Required work:
The entries below are to be repeated exactly, with the pictures left out.

*** Opening of Material for this task ***

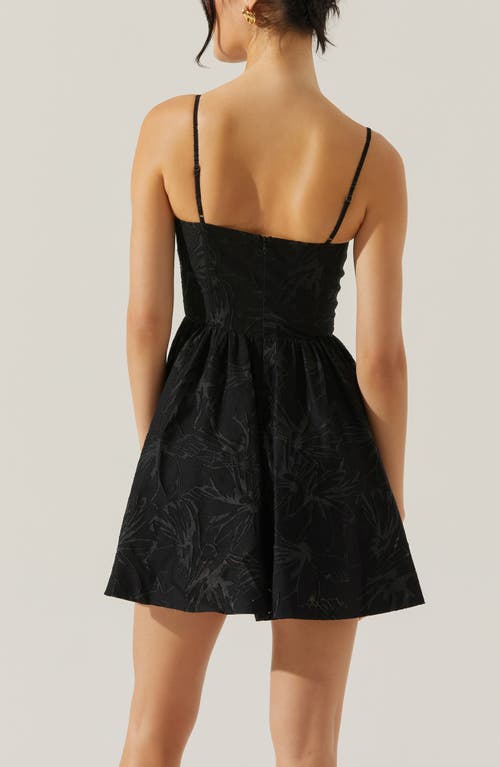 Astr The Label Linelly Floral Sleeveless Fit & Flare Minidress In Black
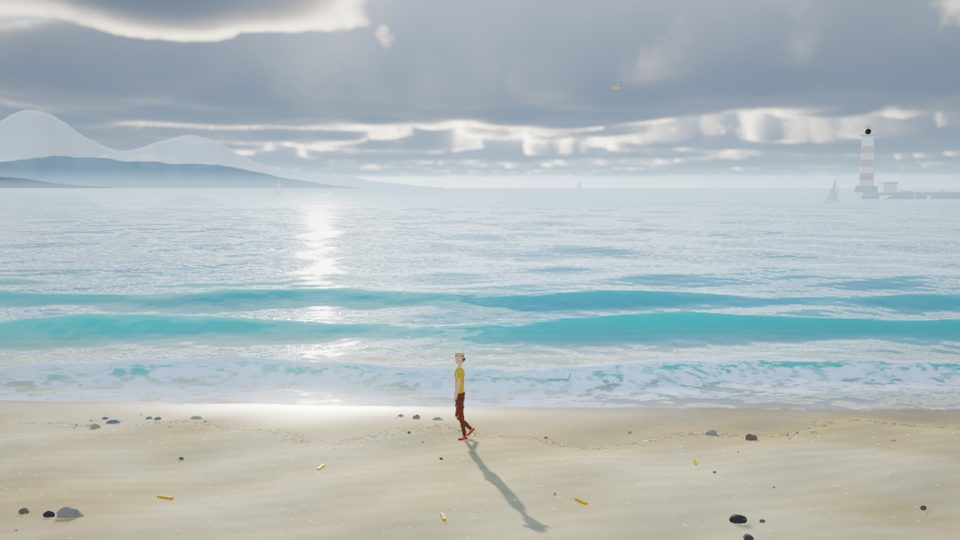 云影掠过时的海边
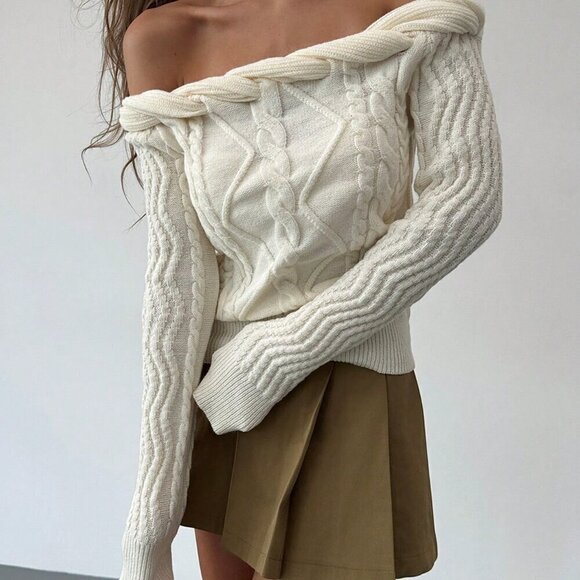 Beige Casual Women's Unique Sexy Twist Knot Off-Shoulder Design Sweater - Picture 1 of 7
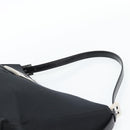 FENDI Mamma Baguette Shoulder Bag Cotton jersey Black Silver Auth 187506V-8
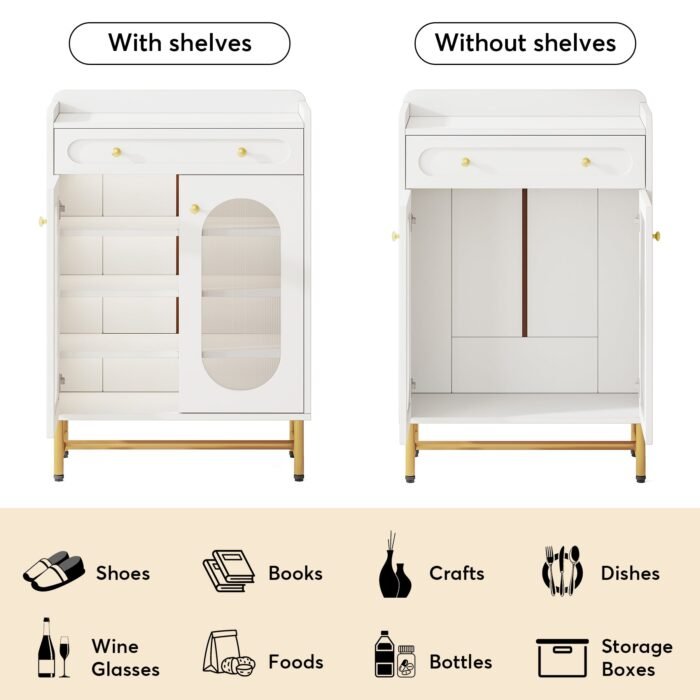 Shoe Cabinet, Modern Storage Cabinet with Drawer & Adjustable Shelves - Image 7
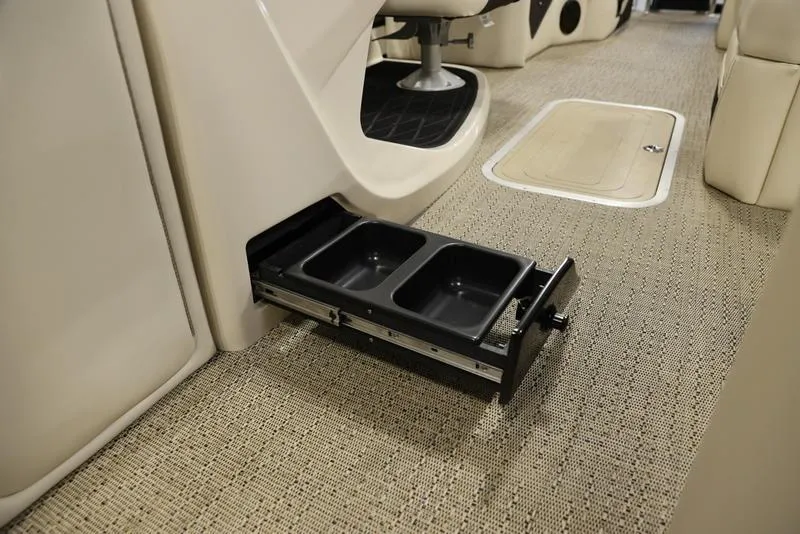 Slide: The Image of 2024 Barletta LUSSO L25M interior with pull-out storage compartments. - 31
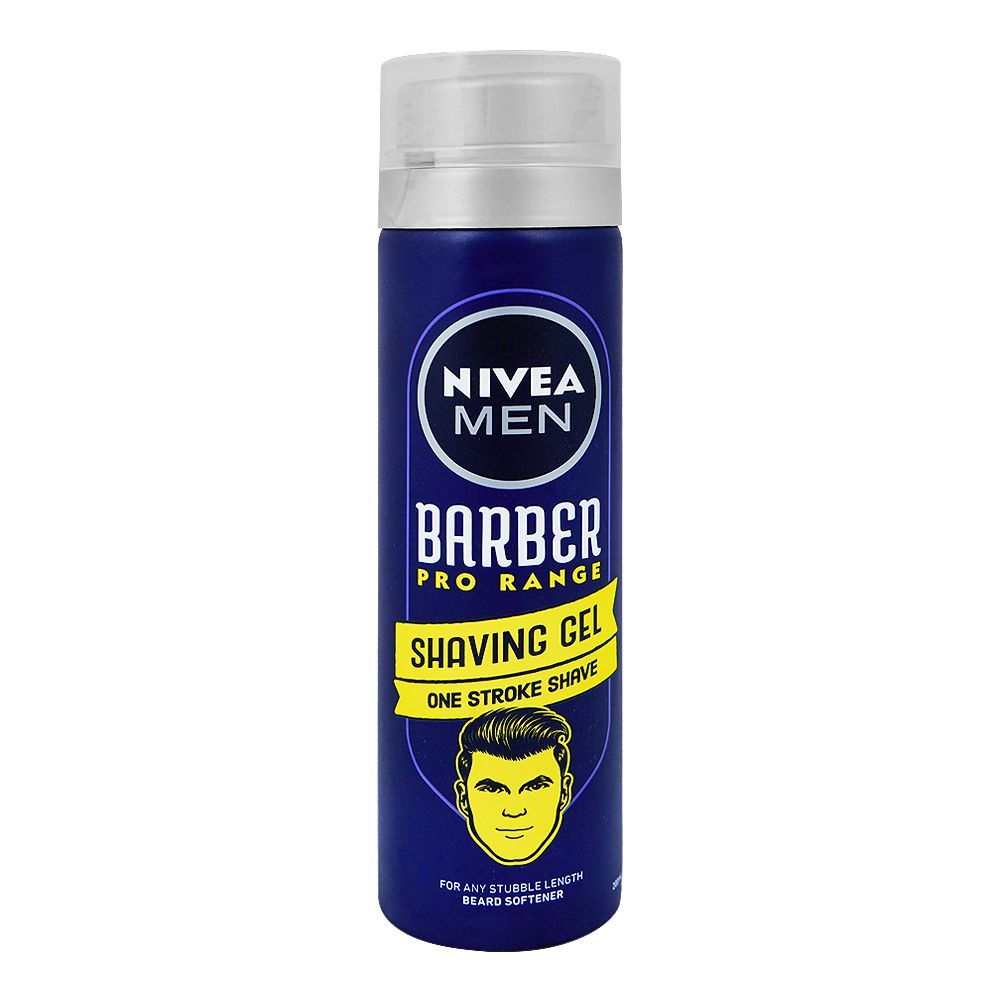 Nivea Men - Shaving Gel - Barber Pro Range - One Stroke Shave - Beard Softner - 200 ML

*** Close of Material for this task ***

Written solution:
 Astr The Label Linelly Floral Sleeveless Fit & Flare Minidress In Black
 云影掠过时的海边
 Beige Casual Women's Unique Sexy Twist Knot Off-Shoulder Design Sweater - Picture 1 of 7
 FENDI Mamma Baguette Shoulder Bag Cotton jersey Black Silver Auth 187506V-8
 Shoe Cabinet, Modern Storage Cabinet with Drawer & Adjustable Shelves - Image 7
 Slide: The Image of 2024 Barletta LUSSO L25M interior with pull-out storage compartments. - 31
 Nivea Men - Shaving Gel - Barber Pro Range - One Stroke Shave - Beard Softner - 200 ML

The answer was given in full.